**TASK DESCRIPTION:** Both the line containing "For Google Pixel" and the line containing "National Tree Company" belong to the span. Output exactly that span from the listing below, and nothing outside it.

******************************

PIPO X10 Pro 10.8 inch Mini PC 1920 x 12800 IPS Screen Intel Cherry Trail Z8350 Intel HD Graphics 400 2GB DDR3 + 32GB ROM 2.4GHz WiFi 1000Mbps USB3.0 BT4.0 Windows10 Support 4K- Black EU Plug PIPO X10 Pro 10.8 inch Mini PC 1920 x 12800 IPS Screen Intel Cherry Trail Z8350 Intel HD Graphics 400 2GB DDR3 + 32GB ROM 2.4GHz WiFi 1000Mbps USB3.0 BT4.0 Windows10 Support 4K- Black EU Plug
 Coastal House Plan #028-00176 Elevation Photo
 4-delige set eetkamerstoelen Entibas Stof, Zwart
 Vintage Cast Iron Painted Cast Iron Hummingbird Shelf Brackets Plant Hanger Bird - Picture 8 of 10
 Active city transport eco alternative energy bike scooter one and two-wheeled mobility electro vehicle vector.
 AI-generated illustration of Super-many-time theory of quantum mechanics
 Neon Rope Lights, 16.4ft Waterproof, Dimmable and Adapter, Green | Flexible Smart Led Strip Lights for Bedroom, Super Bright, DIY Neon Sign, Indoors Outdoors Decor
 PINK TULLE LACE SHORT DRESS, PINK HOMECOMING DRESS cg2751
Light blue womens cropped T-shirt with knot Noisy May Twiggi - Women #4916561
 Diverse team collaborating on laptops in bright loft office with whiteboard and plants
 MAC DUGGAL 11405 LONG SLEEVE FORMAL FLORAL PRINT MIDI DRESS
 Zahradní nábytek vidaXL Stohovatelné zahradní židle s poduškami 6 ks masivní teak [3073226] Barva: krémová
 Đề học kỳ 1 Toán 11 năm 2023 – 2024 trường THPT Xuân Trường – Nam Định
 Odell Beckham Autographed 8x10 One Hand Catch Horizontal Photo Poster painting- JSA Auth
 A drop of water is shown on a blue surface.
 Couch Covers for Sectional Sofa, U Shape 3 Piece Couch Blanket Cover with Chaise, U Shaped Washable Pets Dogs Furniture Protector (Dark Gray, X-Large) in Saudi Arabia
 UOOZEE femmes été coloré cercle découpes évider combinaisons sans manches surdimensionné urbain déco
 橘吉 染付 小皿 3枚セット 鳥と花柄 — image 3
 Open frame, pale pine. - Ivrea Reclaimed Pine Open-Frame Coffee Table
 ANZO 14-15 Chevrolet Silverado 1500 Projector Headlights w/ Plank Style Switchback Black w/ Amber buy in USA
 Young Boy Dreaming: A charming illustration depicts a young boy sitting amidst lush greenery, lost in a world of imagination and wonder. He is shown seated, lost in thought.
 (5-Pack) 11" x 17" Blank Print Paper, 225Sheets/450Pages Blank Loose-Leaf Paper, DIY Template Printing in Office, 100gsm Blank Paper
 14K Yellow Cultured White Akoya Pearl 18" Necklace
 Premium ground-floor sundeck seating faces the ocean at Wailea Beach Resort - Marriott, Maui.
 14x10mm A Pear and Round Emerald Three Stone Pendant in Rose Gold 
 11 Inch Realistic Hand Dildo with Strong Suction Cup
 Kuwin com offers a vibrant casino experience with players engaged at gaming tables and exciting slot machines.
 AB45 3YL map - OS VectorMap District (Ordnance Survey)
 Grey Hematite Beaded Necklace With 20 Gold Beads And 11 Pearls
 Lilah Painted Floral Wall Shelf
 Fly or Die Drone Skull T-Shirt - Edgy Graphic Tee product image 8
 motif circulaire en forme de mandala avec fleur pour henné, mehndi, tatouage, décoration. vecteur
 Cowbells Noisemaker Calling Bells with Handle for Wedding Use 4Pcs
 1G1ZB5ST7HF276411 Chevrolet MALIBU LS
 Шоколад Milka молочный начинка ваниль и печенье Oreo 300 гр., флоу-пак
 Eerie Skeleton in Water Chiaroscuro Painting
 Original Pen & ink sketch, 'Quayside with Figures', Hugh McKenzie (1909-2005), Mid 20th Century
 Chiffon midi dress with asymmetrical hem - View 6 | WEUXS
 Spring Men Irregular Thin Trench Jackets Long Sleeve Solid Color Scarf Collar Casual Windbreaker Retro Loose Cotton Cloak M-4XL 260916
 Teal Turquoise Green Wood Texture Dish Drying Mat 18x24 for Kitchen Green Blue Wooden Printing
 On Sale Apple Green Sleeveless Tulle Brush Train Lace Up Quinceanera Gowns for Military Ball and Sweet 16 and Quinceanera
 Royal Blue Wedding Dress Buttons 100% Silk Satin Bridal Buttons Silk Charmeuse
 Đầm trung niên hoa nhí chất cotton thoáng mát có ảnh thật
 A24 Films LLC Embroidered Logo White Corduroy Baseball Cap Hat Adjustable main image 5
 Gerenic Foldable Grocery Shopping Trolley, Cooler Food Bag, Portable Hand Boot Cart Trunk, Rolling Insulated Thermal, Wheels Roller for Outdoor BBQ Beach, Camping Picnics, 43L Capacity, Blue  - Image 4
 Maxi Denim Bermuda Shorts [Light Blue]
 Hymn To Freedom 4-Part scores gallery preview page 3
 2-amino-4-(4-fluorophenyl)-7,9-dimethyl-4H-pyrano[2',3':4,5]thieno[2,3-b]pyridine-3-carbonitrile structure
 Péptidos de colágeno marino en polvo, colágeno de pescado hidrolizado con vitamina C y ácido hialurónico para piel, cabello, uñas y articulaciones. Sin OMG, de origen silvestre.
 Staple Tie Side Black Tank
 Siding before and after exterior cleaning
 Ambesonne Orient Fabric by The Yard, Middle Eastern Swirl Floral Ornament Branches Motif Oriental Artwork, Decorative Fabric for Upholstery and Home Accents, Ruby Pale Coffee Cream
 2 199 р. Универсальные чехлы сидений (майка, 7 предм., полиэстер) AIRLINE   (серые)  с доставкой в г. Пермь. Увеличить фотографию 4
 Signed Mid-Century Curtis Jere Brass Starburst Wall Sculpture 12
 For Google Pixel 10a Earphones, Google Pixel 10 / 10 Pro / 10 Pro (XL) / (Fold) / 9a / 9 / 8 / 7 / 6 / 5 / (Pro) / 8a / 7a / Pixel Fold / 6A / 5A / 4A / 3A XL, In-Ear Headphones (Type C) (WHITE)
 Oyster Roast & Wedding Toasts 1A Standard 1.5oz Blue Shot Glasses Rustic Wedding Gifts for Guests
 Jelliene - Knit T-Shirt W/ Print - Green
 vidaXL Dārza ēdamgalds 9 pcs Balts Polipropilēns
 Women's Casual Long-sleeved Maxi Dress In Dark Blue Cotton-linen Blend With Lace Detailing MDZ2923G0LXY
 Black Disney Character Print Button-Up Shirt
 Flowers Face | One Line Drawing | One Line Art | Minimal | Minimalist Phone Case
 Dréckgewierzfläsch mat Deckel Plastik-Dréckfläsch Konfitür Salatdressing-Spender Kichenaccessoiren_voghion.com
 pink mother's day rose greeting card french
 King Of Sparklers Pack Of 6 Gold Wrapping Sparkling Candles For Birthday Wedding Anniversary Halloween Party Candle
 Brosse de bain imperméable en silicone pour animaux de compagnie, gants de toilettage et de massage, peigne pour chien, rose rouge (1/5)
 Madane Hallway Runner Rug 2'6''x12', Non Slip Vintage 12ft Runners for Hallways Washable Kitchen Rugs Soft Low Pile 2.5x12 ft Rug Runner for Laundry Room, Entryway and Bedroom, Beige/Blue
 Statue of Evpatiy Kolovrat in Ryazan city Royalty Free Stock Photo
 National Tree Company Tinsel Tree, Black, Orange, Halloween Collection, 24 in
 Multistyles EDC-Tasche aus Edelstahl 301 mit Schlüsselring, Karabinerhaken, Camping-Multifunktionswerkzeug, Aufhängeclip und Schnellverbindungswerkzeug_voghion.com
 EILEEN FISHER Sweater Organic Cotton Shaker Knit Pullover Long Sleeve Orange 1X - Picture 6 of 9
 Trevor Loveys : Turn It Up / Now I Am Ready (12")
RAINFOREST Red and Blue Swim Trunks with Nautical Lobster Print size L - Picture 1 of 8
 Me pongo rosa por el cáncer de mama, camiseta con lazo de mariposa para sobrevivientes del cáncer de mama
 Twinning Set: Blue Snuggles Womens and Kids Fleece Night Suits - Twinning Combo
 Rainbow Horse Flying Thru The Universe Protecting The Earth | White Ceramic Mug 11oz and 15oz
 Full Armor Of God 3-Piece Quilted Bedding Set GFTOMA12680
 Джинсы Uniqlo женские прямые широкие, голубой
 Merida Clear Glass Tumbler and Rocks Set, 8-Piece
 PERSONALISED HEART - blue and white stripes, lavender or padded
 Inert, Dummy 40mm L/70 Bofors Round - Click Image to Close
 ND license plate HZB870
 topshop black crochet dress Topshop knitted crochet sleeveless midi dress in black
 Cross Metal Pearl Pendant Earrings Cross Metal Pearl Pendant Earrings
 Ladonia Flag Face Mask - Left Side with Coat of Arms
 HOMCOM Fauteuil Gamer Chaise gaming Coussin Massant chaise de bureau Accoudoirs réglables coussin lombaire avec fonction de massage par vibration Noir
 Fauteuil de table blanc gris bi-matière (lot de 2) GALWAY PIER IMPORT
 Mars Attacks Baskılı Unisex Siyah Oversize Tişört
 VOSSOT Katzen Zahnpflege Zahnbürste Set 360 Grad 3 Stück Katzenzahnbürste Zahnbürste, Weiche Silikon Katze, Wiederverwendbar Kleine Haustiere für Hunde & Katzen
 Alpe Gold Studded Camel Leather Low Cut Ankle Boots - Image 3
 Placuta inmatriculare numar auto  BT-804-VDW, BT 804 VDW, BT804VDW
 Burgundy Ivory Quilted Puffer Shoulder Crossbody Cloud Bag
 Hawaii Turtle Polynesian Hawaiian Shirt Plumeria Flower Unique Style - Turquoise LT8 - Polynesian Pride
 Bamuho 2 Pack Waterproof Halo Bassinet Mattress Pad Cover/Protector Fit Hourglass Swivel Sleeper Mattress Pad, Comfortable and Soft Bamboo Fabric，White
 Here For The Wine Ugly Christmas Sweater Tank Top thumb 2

******************************

**ANSWER TO THE PROBLEM:**
 For Google Pixel 10a Earphones, Google Pixel 10 / 10 Pro / 10 Pro (XL) / (Fold) / 9a / 9 / 8 / 7 / 6 / 5 / (Pro) / 8a / 7a / Pixel Fold / 6A / 5A / 4A / 3A XL, In-Ear Headphones (Type C) (WHITE)
 Oyster Roast & Wedding Toasts 1A Standard 1.5oz Blue Shot Glasses Rustic Wedding Gifts for Guests
 Jelliene - Knit T-Shirt W/ Print - Green
 vidaXL Dārza ēdamgalds 9 pcs Balts Polipropilēns
 Women's Casual Long-sleeved Maxi Dress In Dark Blue Cotton-linen Blend With Lace Detailing MDZ2923G0LXY
 Black Disney Character Print Button-Up Shirt
 Flowers Face | One Line Drawing | One Line Art | Minimal | Minimalist Phone Case
 Dréckgewierzfläsch mat Deckel Plastik-Dréckfläsch Konfitür Salatdressing-Spender Kichenaccessoiren_voghion.com
 pink mother's day rose greeting card french
 King Of Sparklers Pack Of 6 Gold Wrapping Sparkling Candles For Birthday Wedding Anniversary Halloween Party Candle
 Brosse de bain imperméable en silicone pour animaux de compagnie, gants de toilettage et de massage, peigne pour chien, rose rouge (1/5)
 Madane Hallway Runner Rug 2'6''x12', Non Slip Vintage 12ft Runners for Hallways Washable Kitchen Rugs Soft Low Pile 2.5x12 ft Rug Runner for Laundry Room, Entryway and Bedroom, Beige/Blue
 Statue of Evpatiy Kolovrat in Ryazan city Royalty Free Stock Photo
 National Tree Company Tinsel Tree, Black, Orange, Halloween Collection, 24 in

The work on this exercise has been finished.